Output every line below exactly, please, omitting pictures.

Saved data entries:
+ + +

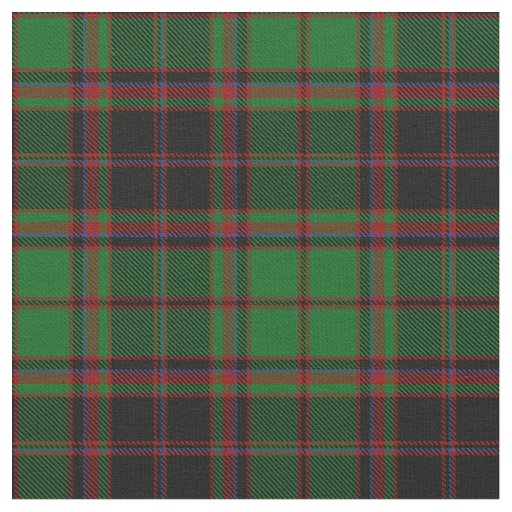 Buchan Clan Tartan Fabric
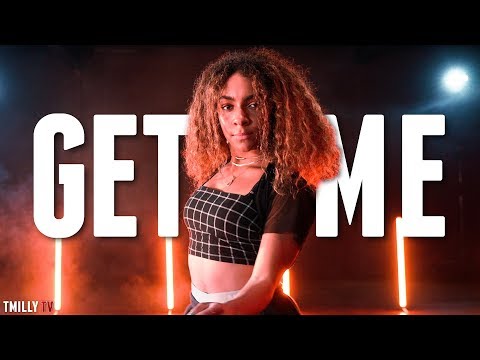 Justin Bieber - Get Me ft Kehlani - Heels Choreography by Cat Rendic - ft Charlize Glass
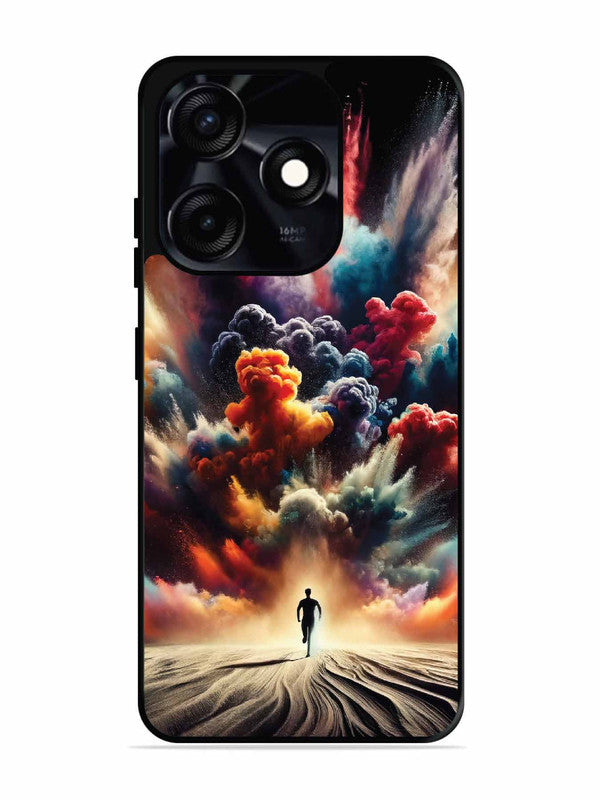 Tecno Spark 10C colorful-blast-explosion
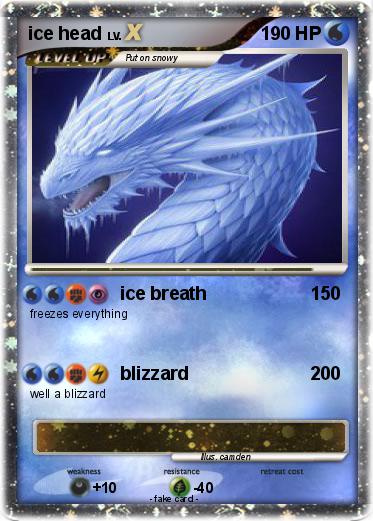 Pokemon ice head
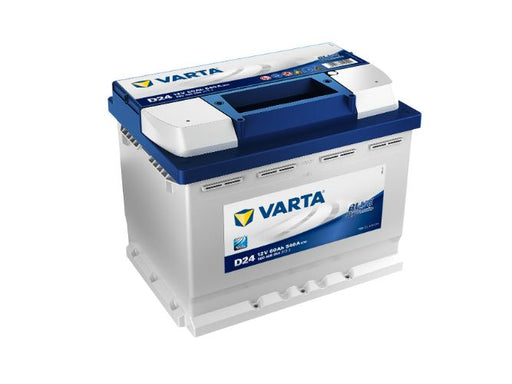 D24 Varta Blue Dynamic Car Battery 12V 60Ah - 560408054 Type 027, 4 Years Warranty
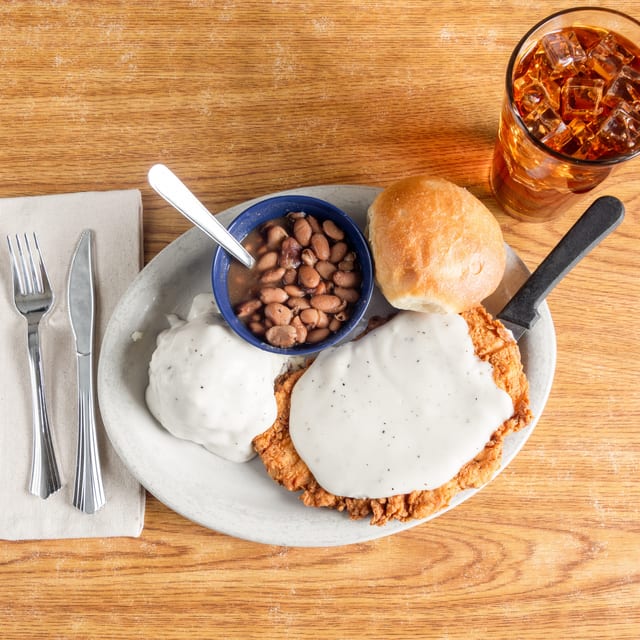 Country Fried Chicken.
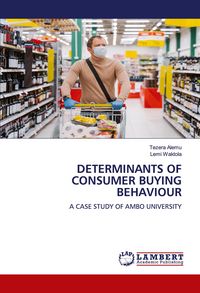 Produktbild: DETERMINANTS OF CONSUMER BUYING BEHAVIOUR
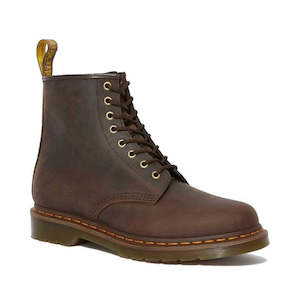 Dr Martens 1460 YS Gaucho Crazy Horse Leather 8 Up Boot Brown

+ + +

• **RESPONSE TO THE TASK**
 Buchan Clan Tartan Fabric
 Justin Bieber - Get Me ft Kehlani - Heels Choreography by Cat Rendic - ft Charlize Glass
 Tecno Spark 10C colorful-blast-explosion
 Pokemon ice head
 D24 Varta Blue Dynamic Car Battery 12V 60Ah - 560408054 Type 027, 4 Years Warranty
 Country Fried Chicken.
 Produktbild: DETERMINANTS OF CONSUMER BUYING BEHAVIOUR
 Dr Martens 1460 YS Gaucho Crazy Horse Leather 8 Up Boot Brown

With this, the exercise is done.